Danny, if it wasn't for your shitty clothing styles, you'd almost fit into our nicel little group of alcoholics. Damn, at least these guys take the occassional break from drinking....at least long enough to actually have a match.
Then, we've got the Black Hand. Again, we've got someone else that....hey, wait a sec! If I didn't know any better, there's only one dude in this match that's actually sober.
Reporter
What about your tag partners, the Alley Ratz?
Gambler
You seriously want to bet on that? With their looks & their names, they're easily the biggest dopers in wrestling history. If they were to meet up with RVD, he'd probably tell them to lay off the weed.
It's any wonder they can function in society at all, with so many dead brain cells. Normally, when people lose that many brain cells, they need to be taken care of in a nursing home.

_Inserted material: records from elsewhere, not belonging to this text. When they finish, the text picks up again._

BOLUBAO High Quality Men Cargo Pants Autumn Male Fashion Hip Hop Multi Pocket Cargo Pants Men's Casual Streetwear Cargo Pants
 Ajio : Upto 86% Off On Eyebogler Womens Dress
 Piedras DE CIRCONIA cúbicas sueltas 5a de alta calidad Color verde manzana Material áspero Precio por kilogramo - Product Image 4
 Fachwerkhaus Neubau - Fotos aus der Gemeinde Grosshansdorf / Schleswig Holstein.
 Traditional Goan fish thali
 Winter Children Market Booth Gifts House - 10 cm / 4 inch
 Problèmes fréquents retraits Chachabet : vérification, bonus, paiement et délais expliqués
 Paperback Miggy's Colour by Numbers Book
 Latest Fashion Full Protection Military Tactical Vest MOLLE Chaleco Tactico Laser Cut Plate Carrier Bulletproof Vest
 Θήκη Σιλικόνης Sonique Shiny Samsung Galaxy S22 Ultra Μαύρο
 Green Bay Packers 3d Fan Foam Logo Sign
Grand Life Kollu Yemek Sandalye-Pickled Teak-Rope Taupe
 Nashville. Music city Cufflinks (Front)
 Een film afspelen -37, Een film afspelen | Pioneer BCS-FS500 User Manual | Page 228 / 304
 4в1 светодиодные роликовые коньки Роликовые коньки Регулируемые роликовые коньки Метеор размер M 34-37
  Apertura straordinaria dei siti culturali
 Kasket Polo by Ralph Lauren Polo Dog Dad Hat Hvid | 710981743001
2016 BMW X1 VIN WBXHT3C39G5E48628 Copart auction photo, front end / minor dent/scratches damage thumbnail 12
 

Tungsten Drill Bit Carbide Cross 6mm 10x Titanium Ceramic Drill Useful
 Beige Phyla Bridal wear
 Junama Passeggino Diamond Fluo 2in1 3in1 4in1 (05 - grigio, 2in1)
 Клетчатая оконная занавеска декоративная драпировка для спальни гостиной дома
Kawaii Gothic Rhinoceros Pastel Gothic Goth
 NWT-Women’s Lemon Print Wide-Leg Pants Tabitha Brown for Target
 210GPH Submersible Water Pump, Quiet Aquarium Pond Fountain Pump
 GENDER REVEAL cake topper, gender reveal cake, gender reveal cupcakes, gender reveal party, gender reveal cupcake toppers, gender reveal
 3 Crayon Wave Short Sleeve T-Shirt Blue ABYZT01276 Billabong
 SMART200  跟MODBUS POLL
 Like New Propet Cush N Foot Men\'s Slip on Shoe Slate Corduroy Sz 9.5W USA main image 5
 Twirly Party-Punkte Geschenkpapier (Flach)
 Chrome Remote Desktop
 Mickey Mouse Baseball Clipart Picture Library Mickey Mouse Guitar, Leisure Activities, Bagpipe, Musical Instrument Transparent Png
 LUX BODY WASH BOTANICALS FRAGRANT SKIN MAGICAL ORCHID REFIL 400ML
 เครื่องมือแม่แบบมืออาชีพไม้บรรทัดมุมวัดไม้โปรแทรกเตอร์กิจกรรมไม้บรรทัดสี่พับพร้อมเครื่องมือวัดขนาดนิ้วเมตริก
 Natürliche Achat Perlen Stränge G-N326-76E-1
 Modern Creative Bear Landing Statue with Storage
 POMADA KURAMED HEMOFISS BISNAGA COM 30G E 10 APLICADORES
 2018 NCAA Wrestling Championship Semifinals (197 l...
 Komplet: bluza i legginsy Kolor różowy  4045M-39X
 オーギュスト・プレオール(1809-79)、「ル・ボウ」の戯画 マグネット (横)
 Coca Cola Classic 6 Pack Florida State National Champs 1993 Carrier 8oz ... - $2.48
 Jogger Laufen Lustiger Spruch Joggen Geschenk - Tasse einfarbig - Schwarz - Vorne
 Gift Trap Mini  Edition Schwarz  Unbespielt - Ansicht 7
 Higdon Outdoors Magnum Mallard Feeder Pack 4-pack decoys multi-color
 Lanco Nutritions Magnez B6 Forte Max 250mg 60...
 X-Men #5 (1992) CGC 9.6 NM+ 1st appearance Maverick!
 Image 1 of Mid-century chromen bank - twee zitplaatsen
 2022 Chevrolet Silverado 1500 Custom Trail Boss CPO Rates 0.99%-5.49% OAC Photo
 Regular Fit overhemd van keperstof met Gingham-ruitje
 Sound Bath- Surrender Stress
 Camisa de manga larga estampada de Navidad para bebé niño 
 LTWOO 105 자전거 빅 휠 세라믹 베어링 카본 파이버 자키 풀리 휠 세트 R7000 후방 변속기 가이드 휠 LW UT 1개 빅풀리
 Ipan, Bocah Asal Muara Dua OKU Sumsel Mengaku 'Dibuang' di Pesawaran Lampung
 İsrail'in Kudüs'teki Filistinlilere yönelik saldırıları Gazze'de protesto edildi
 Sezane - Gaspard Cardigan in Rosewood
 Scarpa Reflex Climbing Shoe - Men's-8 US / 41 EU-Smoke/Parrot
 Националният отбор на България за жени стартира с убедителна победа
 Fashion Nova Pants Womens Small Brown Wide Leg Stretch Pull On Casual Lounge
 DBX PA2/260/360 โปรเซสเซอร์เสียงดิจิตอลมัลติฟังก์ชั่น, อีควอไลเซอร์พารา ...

Quite honestly, I'll be surprised if this match doesn't break down quickly. Too many personal agendas. We don't even trust our partners. Far as we're concerned, this is every man, or in our case, team for themselves.
Reporter
Speaking of every man for themselves, Super Vader's got a similar situation. He has to team with Alex Daniels as they take on.....
Super Vader
It really doesn't matter who my opponents are. Far as I'm concerned, this is a 3-on-1 handicap match. I'd much rather shove my fist down my partners throat then help him out. It's no secret that he feels the same way about me. The dumbass seems to think that he's going to screw with me & my quest to regain the Von Erich Memorial Championship.
Alex, the last time we were partners, you let us down big time in a War Games match. You're not getting the chance to f**k with me again. You're going down, either by my hands or at the hands of Angel & Clinton.
As far as Jack Clinton & Chris Angel are concerned, you two better be at 100%. I know that the two of you went to hell and back on your last match. As good buds, I know there's going to be animosity after your match. You'd better have your heads in this match. Otherwise, I'll be tearing into you like I tear into steaks.
Gambler
The only thing on Super Vader's mind is destroying anyone that dares get in his face. It doesn't matter if it's Clinton, Angel or his own partner, Daniels. As far as the big man's concerned, you're all holding a Dead Man's Hand.
Two big matches on Saturday. Lady Luck's going to be very busy.
Reporter
I think I'll do ya'll a favor & let you guys catch a few more Zzzzzz's.
Gambler
Much appreciated.
The reporter slowly makes his way through the mess as the scene comes to a close.